Producers of biofuels like biodiesel have a major player in their corner now that the U.S. Navy announced on December 11th that it is going to starting buying and using bulk biofuels in mid-2015. The Navy and the Department of Agriculture will put out a solicitation for bullk biofuel in 2014, aiming to start using it across the fleet the following year.
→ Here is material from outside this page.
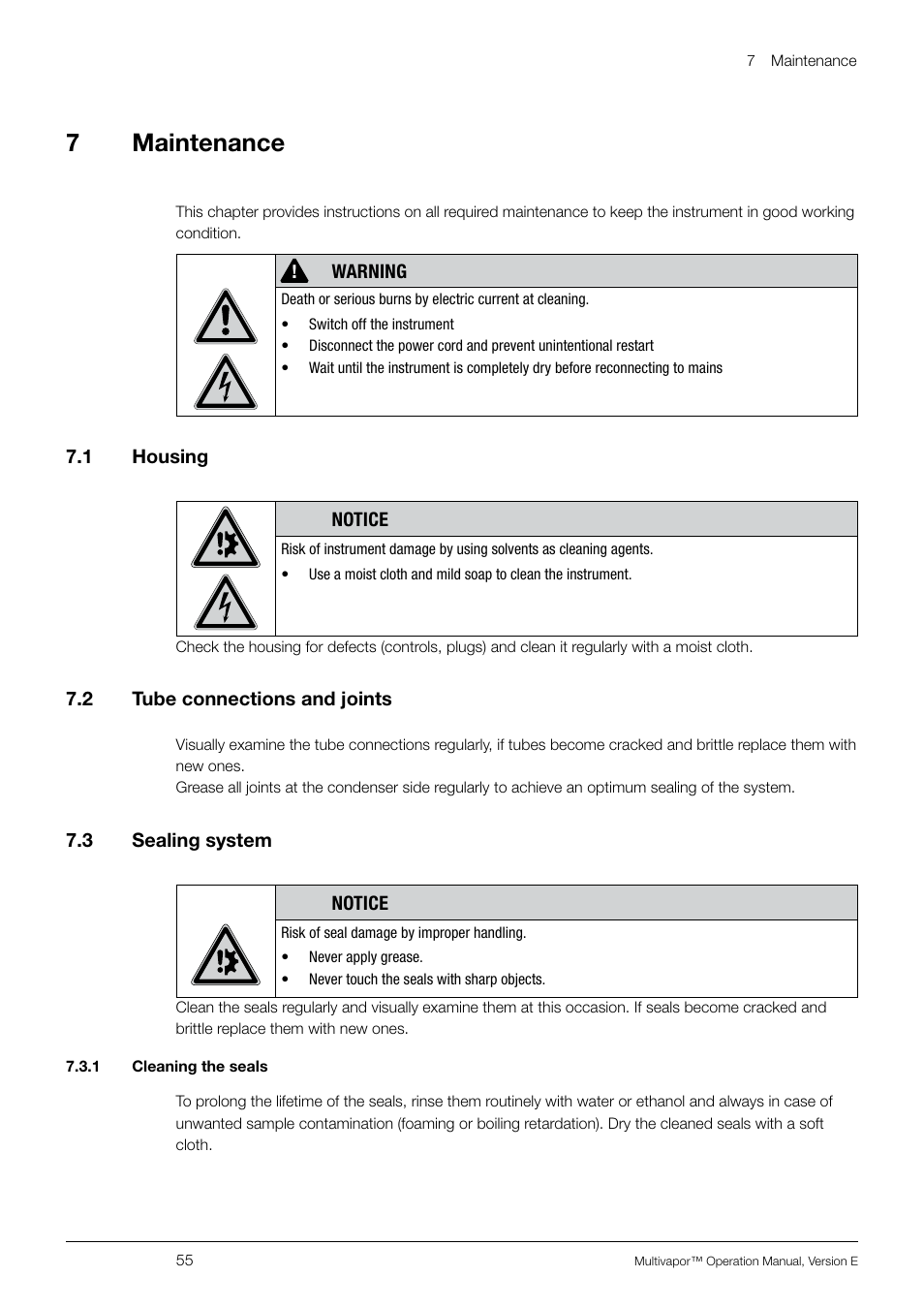 7 maintenance, 1 housing, 2 tube connections and joints | 3 sealing system, 1 cleaning the seals, 1 housing 7.2, Tube connections and joints, Sealing system, 7maintenance | BUCHI Multivapo P-12 User Manual | Page 55 / 76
All of this follows years of experiments by the Navy on planes and ships running on biofuels. The biofuel that the Navy is planning to purchase is classified as an "advanced drop-in fuel" to be blended with the Navy's existing diesel and gasoline, to make a fuel blend suitable for use in ships and airplanes.
How Much Will This Cost?
The military's flirtations with biofuels have its supporters (environmentalists and U.S. domestic farmers wo trumpet the energy independence and jobs created in mid-American farming) but also its detractors. Critics of the Navy's plans invariably point to price. We wrote a blog back in March when the Navy spent $12 million on biofuels for a military exercise in the Pacific Rim, when conventional fuel would have cost less than $2 million for the same job.
So cost becomes the big factor in this. And this is where assumptions might be sink or swim.
The Navy is proceeding with this planned fuel purchase and integration under the assumption that by 2016, biofuel prices will have dropped to less than $4.00 a gallon. But what if they haven't? There have been lots of assumptions and optimistic projections that rely on the future being rosier than the present. It appears the Navy is hoping that to be true again, this time.